The Yellowstone River
The Yellowstone River is six hundred and ninety two miles of free flowing water. It is said to be the longest undammed river in the country, even though there are several diversion dams that stretch between its banks, these dams do not prevent the water from continuing into the Missouri River, so the river keeps its free flowing status. The Yellowstone is one of our great freestone trout fisheries here in this state, but it is also one of the most picturesque and unique places to visit and to photograph in Montana.
The Yellowstone River begins high up in the Absaroka Mountains in northwestern Wyoming, which can be a difficult area to access due to its remoteness, however, when it flows out of the hills and into the lower reaches of the Lamar River Valley, the river begins to take its shape, as it tumbles through a small canyon and confluences with the Lamar River. From the Lamar River Valley and throughout the rest of Yellowstone Park The Yellowstone River is breathtakingly beautiful. The upper and lower Yellowstone Falls allow for some wonderful shots of the river as it falls off the steep cliffs near the Grand Canyon of the Yellowstone. The Parks service has set aside good pullouts for viewing and photographing the falls. Lower Yellowstone falls is photographed hundreds if not thousands of times every day of the tourist season.
After the river leaves the park, heading directly north toward the town of Livingston, it flows through the wide-open spaces of Paradise Valley. The Valley is picturesque in and of itself, with the Absaroka Range towering over it to the east and the Gallatin Range to the west, and the Yellowstone River splitting it right down the middle.
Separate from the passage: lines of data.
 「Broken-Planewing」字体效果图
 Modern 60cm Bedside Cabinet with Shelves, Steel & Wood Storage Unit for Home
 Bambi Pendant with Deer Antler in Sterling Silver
Spots such as Emigrant Peak or the overlook at Mallards Rest provide many tourists with photos of the river against a dramatic backdrop.
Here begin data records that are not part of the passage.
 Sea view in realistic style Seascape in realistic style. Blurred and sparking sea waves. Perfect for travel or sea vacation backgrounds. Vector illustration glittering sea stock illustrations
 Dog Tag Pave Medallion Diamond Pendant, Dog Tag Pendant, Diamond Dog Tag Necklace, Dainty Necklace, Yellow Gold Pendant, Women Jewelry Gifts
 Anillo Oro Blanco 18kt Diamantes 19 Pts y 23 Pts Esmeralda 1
At the town of Livingston the river picks up some speed and finally begins turning East when it leaves the mountain valleys behind, and cuts through the wide-open spaces comprised of farmland and towering cottonwood trees all the way to the Missouri River.
The Yellowstone River is truly a Montana treasure, and the area has spent more time on the other end of a camera lens then most areas in the state.